Instructions to follow:
Only the lines from the one that contains "Der Musiker Udo" to the last line below, both included, should be transcribed. Pictures stay out of the copy.

(Data section)

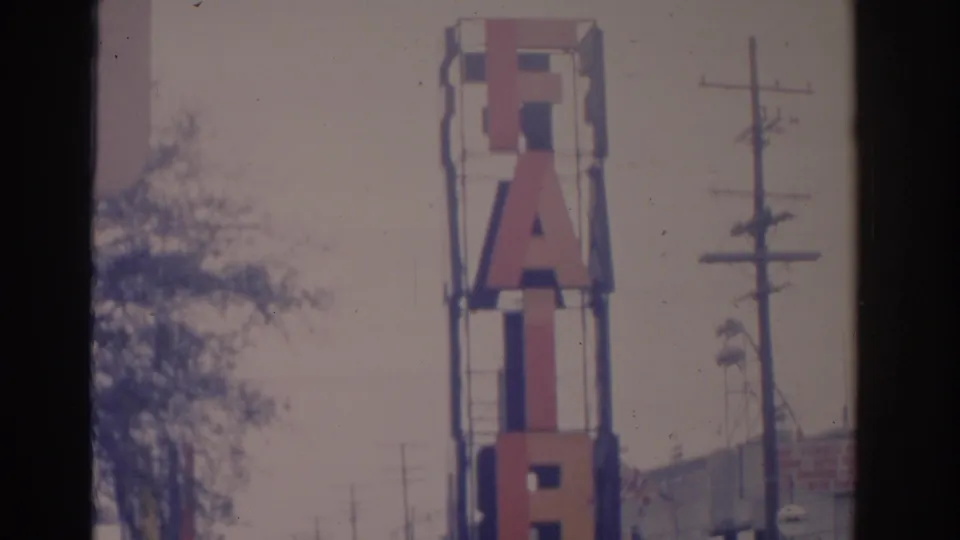 1962 Florida home-movie frame with the vertical FAIR sign in clearer view, utility poles at right, and a roadside building edge below.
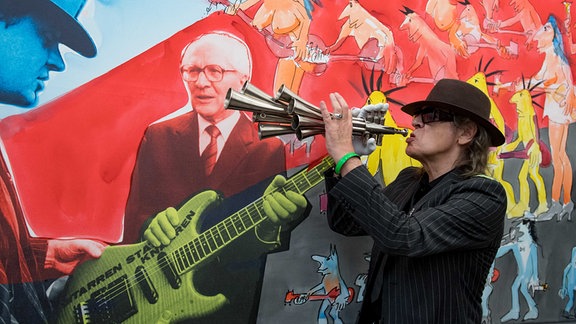 Der Musiker Udo Lindenberg spielt vor seiner Arbeit "Wer zu spät rockt... (Honey)", 2006 in seiner Ausstellung "Zwischentöne" im Museum der bildenden Künste in Leipzig auf der Schalmei, die ihm Erich Honecker einst schenkte.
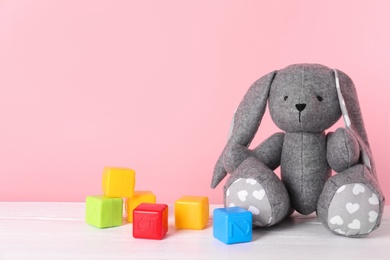 Photo of Adorable toy bunny and plastic cubes on table against color background, space for text. Child room elements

(End Data section)

Response:
 Der Musiker Udo Lindenberg spielt vor seiner Arbeit "Wer zu spät rockt... (Honey)", 2006 in seiner Ausstellung "Zwischentöne" im Museum der bildenden Künste in Leipzig auf der Schalmei, die ihm Erich Honecker einst schenkte.
 Photo of Adorable toy bunny and plastic cubes on table against color background, space for text. Child room elements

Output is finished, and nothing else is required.